What to produce: List every line in this data where the string "Apartment" occurs.

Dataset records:
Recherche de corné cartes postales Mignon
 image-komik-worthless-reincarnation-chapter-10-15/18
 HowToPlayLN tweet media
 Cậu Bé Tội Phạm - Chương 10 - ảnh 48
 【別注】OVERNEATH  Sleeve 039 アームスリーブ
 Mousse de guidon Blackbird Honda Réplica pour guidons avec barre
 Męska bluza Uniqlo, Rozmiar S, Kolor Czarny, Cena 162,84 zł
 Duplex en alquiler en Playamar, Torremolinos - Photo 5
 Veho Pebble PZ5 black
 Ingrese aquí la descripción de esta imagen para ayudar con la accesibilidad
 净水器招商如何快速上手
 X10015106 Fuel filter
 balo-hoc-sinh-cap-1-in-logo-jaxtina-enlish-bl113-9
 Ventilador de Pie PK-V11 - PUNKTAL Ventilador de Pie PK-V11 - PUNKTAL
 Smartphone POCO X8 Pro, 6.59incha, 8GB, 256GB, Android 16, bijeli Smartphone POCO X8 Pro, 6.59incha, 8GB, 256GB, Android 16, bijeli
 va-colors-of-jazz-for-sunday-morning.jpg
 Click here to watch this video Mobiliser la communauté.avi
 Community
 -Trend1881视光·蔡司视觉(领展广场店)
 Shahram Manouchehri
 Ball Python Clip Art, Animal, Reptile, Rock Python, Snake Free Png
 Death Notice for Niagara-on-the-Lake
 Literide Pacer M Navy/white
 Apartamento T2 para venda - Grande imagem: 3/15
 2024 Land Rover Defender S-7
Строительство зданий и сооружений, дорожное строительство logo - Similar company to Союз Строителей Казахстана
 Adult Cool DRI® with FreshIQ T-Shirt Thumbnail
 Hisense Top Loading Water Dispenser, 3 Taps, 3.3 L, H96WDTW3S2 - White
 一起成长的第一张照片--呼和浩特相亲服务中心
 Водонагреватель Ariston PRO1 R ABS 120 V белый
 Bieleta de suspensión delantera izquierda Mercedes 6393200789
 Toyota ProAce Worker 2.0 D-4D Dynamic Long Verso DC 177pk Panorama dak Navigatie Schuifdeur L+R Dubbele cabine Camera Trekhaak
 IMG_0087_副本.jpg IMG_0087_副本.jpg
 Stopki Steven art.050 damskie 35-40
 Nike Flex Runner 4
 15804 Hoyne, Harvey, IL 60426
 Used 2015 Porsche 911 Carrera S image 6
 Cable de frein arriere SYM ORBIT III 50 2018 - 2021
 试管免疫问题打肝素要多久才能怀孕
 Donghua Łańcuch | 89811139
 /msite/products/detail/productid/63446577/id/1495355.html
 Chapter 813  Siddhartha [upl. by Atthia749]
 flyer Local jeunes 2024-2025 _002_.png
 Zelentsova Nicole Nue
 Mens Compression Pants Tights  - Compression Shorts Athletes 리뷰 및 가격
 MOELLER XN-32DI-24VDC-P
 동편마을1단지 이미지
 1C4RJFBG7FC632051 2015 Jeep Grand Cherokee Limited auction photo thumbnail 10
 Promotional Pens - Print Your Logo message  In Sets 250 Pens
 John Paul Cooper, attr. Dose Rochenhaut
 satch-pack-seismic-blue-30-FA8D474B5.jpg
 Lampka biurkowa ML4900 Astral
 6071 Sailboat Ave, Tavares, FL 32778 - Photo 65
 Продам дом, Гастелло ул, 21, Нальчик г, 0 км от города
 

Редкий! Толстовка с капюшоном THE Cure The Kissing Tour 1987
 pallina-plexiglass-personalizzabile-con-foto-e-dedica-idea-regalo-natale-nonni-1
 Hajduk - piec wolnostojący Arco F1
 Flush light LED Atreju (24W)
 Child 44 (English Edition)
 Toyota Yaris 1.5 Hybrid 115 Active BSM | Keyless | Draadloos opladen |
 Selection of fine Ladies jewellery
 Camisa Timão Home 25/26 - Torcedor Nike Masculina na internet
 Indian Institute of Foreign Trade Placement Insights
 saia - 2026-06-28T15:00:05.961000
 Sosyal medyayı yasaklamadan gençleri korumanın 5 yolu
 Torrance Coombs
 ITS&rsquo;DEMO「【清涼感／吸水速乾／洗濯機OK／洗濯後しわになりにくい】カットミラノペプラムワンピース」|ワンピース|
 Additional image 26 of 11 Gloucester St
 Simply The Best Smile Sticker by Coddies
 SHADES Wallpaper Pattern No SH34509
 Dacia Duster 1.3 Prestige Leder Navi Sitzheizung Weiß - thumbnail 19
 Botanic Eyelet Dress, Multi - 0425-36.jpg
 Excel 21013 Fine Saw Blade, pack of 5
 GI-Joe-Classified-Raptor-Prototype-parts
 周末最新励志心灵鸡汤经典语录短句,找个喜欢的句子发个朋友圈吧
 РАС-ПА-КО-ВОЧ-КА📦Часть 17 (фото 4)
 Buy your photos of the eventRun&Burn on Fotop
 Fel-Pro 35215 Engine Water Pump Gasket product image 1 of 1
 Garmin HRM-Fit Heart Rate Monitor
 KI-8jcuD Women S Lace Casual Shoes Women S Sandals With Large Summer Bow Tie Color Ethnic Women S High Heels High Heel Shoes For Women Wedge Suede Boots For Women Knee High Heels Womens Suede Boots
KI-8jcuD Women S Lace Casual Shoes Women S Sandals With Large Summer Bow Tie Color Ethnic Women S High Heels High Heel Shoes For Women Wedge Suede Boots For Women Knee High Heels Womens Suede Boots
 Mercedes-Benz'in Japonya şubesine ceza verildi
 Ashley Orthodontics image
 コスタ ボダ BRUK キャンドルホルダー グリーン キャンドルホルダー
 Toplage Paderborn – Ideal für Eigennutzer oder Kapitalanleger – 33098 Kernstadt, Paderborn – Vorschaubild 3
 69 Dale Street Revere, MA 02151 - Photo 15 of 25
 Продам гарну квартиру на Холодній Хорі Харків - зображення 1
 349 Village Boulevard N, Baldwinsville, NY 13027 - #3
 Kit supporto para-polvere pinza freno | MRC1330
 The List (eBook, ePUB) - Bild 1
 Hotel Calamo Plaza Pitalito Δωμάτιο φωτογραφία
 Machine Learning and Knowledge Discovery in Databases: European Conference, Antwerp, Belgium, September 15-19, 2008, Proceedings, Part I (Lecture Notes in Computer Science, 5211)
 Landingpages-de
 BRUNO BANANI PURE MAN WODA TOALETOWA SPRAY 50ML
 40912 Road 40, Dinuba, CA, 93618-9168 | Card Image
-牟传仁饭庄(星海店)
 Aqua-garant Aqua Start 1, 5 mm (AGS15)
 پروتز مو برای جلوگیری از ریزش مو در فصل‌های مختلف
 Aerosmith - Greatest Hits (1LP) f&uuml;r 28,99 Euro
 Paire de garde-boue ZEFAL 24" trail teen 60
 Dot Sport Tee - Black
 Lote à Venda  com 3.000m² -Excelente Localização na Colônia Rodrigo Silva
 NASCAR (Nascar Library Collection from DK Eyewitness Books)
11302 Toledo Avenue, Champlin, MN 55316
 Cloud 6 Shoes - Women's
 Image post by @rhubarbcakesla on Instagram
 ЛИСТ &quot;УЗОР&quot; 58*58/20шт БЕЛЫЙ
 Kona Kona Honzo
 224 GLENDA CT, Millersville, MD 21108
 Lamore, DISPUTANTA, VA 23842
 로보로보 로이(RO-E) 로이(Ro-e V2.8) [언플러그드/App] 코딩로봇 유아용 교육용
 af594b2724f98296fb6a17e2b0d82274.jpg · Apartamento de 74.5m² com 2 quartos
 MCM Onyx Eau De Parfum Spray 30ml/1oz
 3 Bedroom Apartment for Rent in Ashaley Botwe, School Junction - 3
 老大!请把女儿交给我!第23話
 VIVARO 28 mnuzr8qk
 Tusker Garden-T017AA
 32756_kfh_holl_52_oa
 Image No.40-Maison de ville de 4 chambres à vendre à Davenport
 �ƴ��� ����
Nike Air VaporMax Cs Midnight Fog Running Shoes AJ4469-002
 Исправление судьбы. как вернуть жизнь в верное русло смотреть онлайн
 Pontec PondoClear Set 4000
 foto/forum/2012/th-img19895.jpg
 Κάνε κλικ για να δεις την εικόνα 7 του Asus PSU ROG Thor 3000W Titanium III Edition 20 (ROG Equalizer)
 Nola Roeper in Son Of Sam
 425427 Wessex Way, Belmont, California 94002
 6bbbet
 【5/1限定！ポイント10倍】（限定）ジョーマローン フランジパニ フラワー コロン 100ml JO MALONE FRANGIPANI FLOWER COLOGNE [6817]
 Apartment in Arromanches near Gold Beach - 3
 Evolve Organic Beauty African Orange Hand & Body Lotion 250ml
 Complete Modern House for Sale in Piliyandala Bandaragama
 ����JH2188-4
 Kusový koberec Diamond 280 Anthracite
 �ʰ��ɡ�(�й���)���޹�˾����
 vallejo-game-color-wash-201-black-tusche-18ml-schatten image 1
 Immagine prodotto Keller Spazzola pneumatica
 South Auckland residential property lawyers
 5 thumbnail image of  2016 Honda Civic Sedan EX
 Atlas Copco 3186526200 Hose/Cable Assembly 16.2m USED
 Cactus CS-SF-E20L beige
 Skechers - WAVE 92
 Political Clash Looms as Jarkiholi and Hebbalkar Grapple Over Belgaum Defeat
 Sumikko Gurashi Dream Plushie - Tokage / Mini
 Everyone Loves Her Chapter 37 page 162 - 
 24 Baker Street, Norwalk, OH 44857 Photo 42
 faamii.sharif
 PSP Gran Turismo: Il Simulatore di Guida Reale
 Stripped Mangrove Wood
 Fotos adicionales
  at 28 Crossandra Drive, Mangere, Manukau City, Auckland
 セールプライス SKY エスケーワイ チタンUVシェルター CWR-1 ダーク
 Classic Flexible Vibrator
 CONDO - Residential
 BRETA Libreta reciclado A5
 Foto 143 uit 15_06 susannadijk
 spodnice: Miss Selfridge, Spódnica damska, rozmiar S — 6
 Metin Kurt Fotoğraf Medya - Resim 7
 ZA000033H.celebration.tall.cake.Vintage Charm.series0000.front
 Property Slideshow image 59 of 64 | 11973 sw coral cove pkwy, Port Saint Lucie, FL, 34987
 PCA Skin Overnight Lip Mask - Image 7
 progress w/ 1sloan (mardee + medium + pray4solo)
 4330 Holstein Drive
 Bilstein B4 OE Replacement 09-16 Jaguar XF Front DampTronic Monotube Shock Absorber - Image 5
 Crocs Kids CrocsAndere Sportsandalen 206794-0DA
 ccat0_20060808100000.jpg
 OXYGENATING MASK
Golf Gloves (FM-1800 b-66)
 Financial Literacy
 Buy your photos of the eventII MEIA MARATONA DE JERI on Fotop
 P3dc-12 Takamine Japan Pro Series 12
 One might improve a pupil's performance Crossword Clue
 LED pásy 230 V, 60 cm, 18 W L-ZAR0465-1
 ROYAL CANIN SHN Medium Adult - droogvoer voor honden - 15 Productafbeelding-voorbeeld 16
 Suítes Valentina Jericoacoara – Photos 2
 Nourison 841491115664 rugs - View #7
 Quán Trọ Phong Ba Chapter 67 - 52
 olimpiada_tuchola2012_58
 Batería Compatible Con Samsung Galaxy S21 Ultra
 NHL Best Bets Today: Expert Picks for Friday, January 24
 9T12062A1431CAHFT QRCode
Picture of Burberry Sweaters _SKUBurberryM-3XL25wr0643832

Solution for this problem:
 3 Bedroom Apartment for Rent in Ashaley Botwe, School Junction - 3
 Apartment in Arromanches near Gold Beach - 3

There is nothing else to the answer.